Want that one!
Is new equipment the answer?
I’m sure most of you are expecting the gist of this article to say no it’s not and you should get some coaching and find the secret in the dirt. If that was the case I would expect some who know me to shout hypocrite. I have never shied away from something bright and shiny and the promise of a few more yards.
I’m sure most of us know we can’t just buy a good golf game and it takes a bit more effort than that. However, there is equipment out there that can help us with areas we struggle with and also there are real psychological benefits associated with new or different equipment. You can gain confidence in equipment just by others describing an item's performance so reviews alone can work as a positive for you. There is an element of belief that the newest model has to be better, surely. It’s fun and exciting to get a new toy and this can give you a lift. It can clear your mind of previous errors as all baggage is removed and you can create a new memory box that I will come onto. What we must do is recognize that these reasons are primarily psychological and if that’s the case what longevity have they got. How long before it’s not the latest model ( not long by today’s manufacturers standards ) or you read a review of another model that is outperforming it. If you were swayed in the first place, by the same logic, do you not get swayed again? There is a danger of allowing outside influences to drive not only your new purchase, which we would expect from clever marketing, but also start driving your current stance on your own equipment.
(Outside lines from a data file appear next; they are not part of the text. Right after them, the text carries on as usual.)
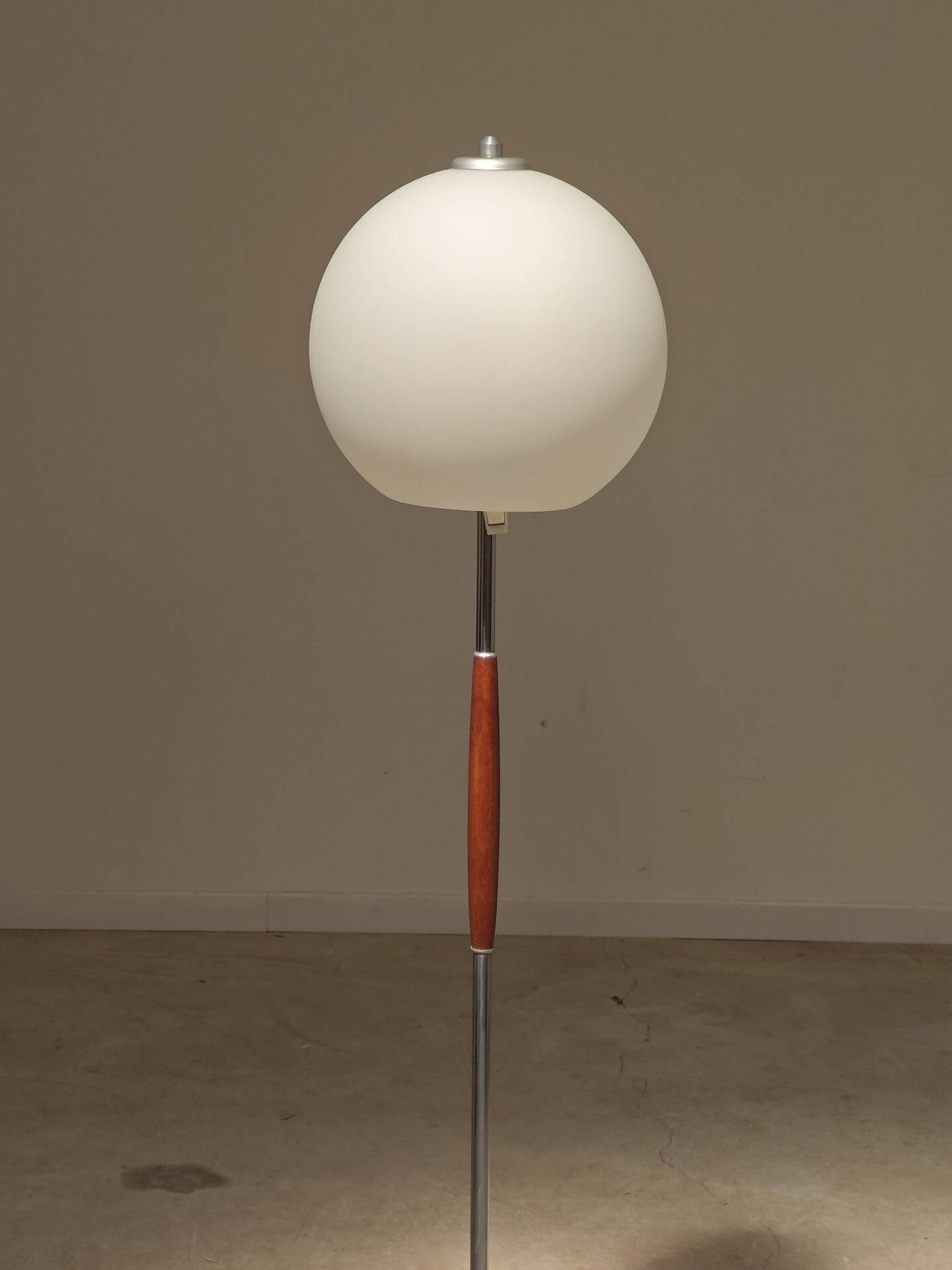 Modernist floor lamp in teak, chrome metal, opaline, Czechoslovakia 60s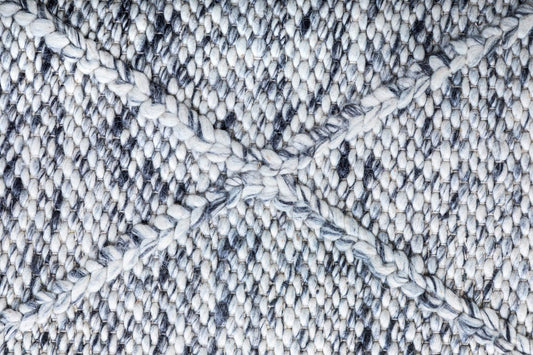Close-up of grey wool rug texture with woven pattern and subtle distress.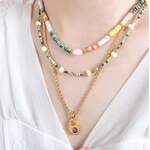 1 Piece Classic Beads Stainless Steel Waterproof Gold Color Natural Stone Women's Beaded Necklaces thumbnail 4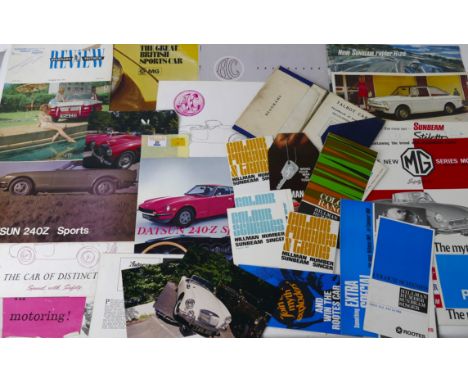 Automobile pamphlets and ephemera for models including Talbot, Hillman, Sunbeam, Triumph, AC Greyhound, MGB and Datsun 240Z S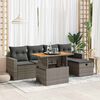 vidaXL Salon de jardin avec coussins 6 pcs gris r&eacute;sine tress&eacute;e acacia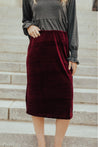 Skirts - Carrie Stretch Velvet Skirt Burgundy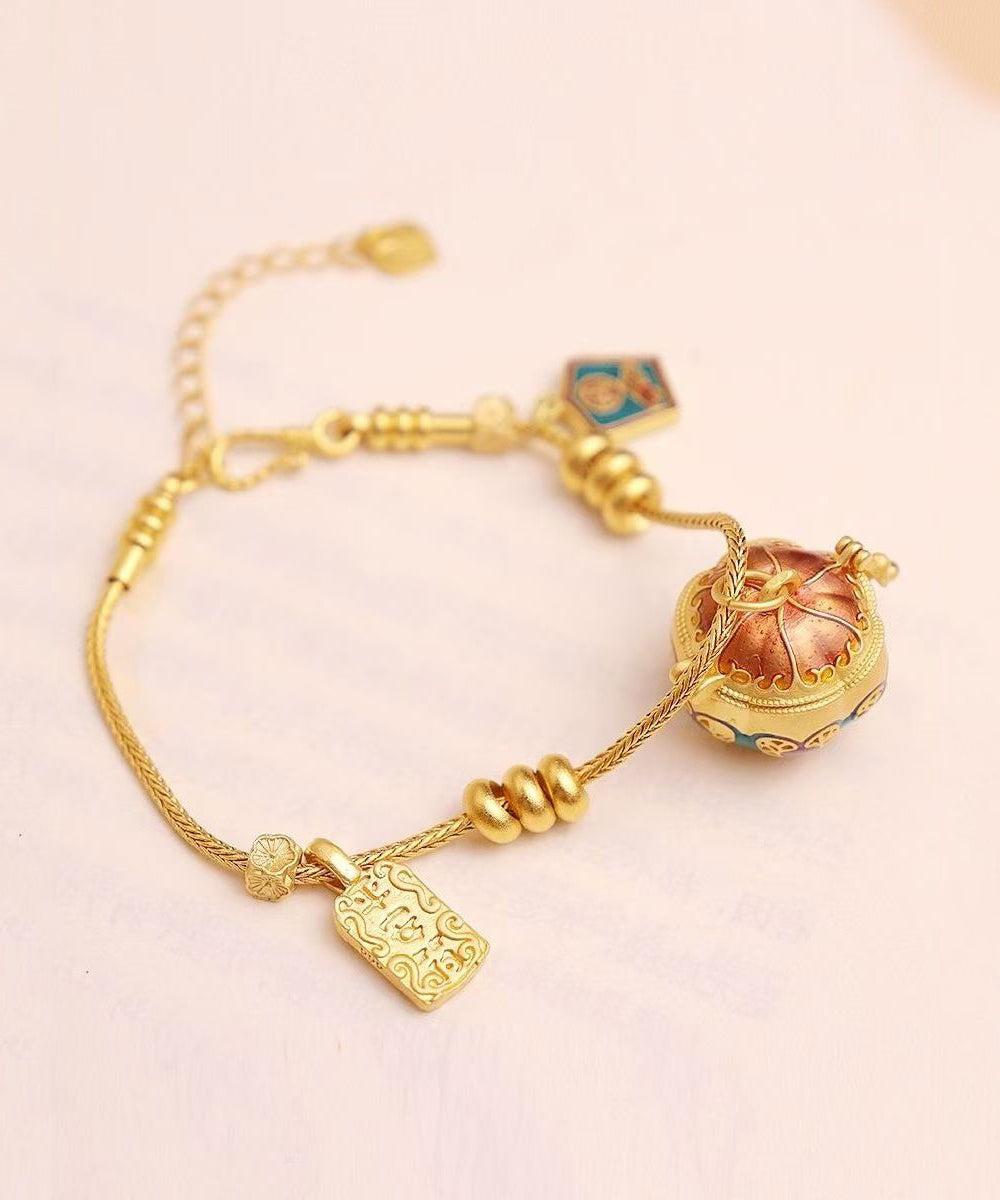 Lässiges Gold Antik Gold Emaille Kürbis Sachet Charm Armband QJ024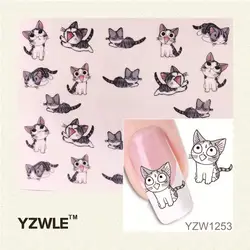 YWK 1 лист Nail Art переводные наклейки красивый черный узор кошки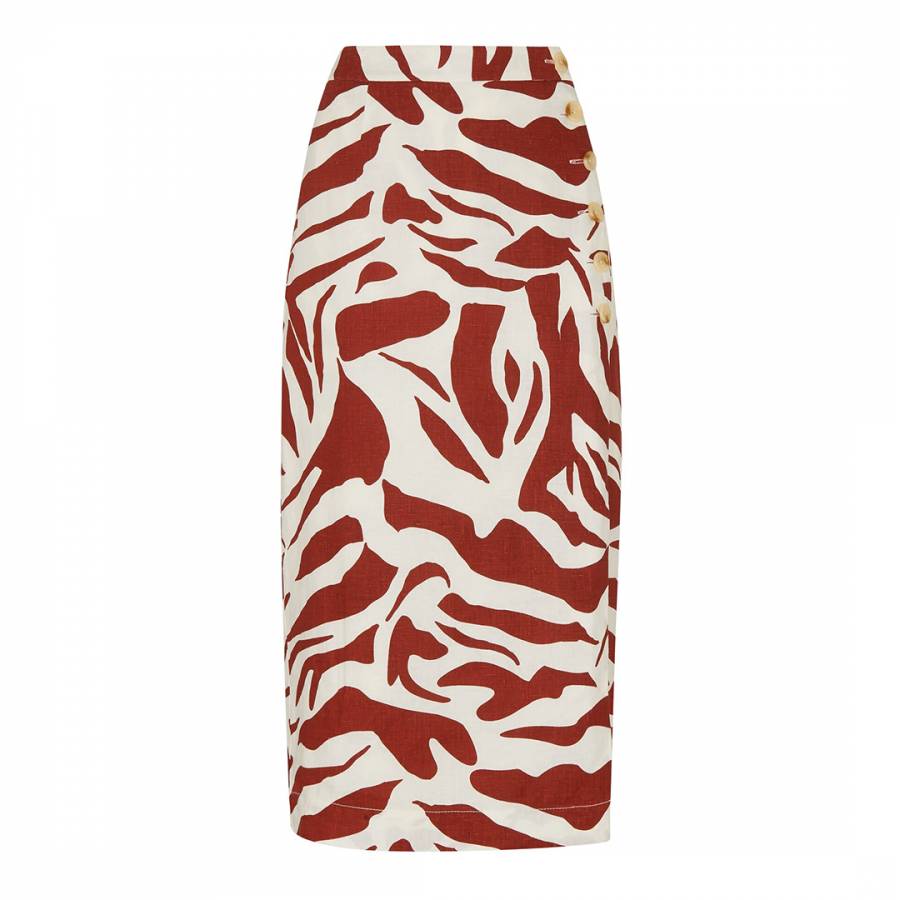 Multi Zebra Print Linen Skirt - BrandAlley
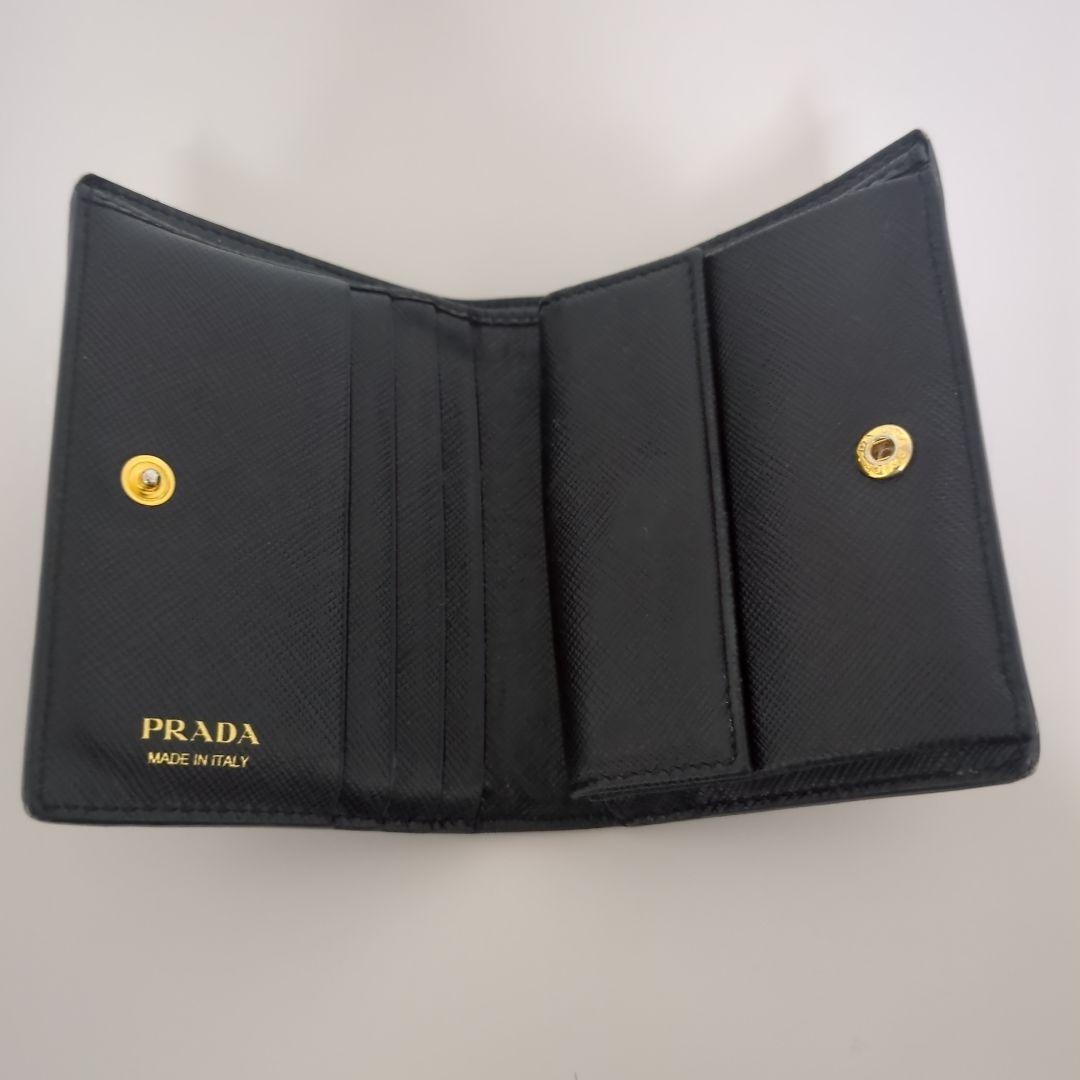 PRADA プラダ　サフィアーノ　オールブラック　二つ折り財布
Understand why you are doing it and why it will give you a boost but recognize that it could be short-lived.
A lot of performance coaches or psychologists will talk about building a good memory box where you store all your good shots and draw on those memories when you need them. There is nothing wrong with this, it’s a good idea but it takes practice to control what you allow to enter this memory box. How do you stop the memory of the last poor shot you hit at this tee creeping into the box and being first in the queue when you begin accessing your memories. The key lies in the emotion you placed on it in the first place. Emotions really cement the memory and give them a greater or lesser level of importance. So if you don’t like the shot keep your emotions as flat as possible and try not to react. On the contrary, when you hit a good shot celebrate it in your mind, recreate the image and that will help to store it, making it the first one that pops into your mind next time.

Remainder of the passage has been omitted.